- Collected data:
□ □ □ □ □

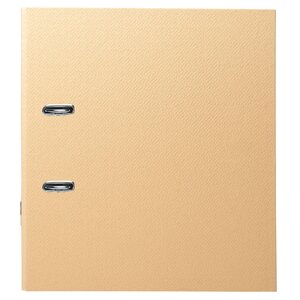 Classeur À Levier Prem'touch Officebyme Dos 80mm - Beige - Exacompta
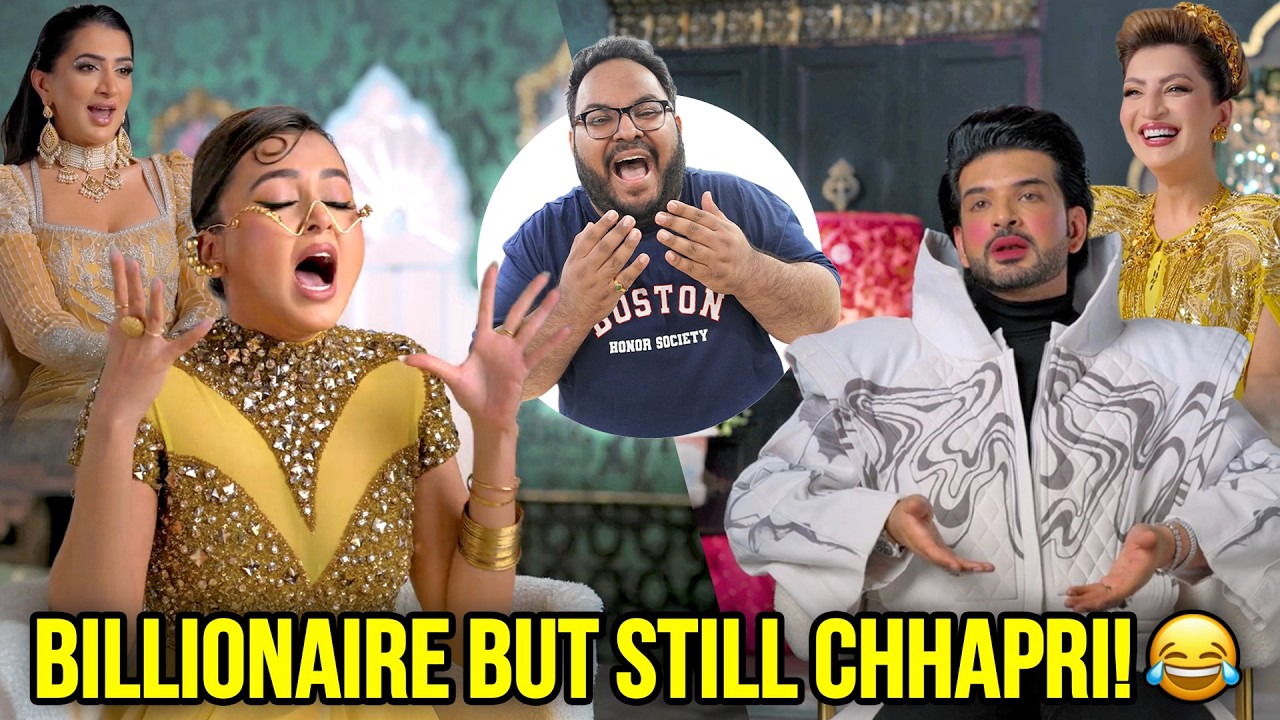 Desi Bling is PEAK BRAIN ROT!😂 | Roast (feat. Karan, Tejasswi etc.)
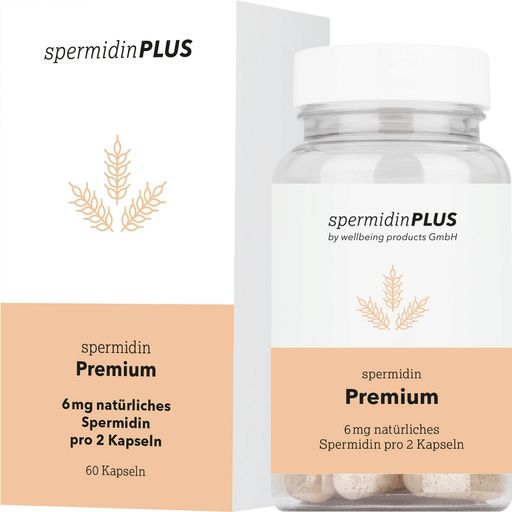 Spermidina Premium - 60 cápsulas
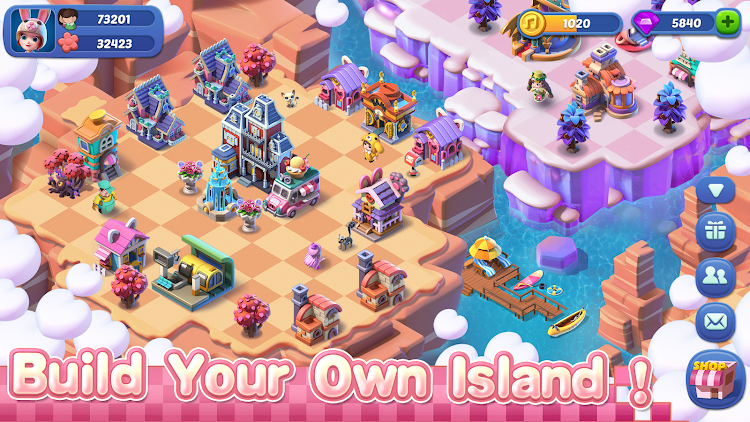 #6. Mergical-Fun Match Island Game (Android) By: BETTA GAMES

□ □ □ □ □

- Exercise directions: For this task, give the full listing again verbatim and keep out every picture.

- Worked solution:
 Classeur À Levier Prem'touch Officebyme Dos 80mm - Beige - Exacompta
 Desi Bling is PEAK BRAIN ROT!😂 | Roast (feat. Karan, Tejasswi etc.)
 Spermidina Premium - 60 cápsulas
 #6. Mergical-Fun Match Island Game (Android) By: BETTA GAMES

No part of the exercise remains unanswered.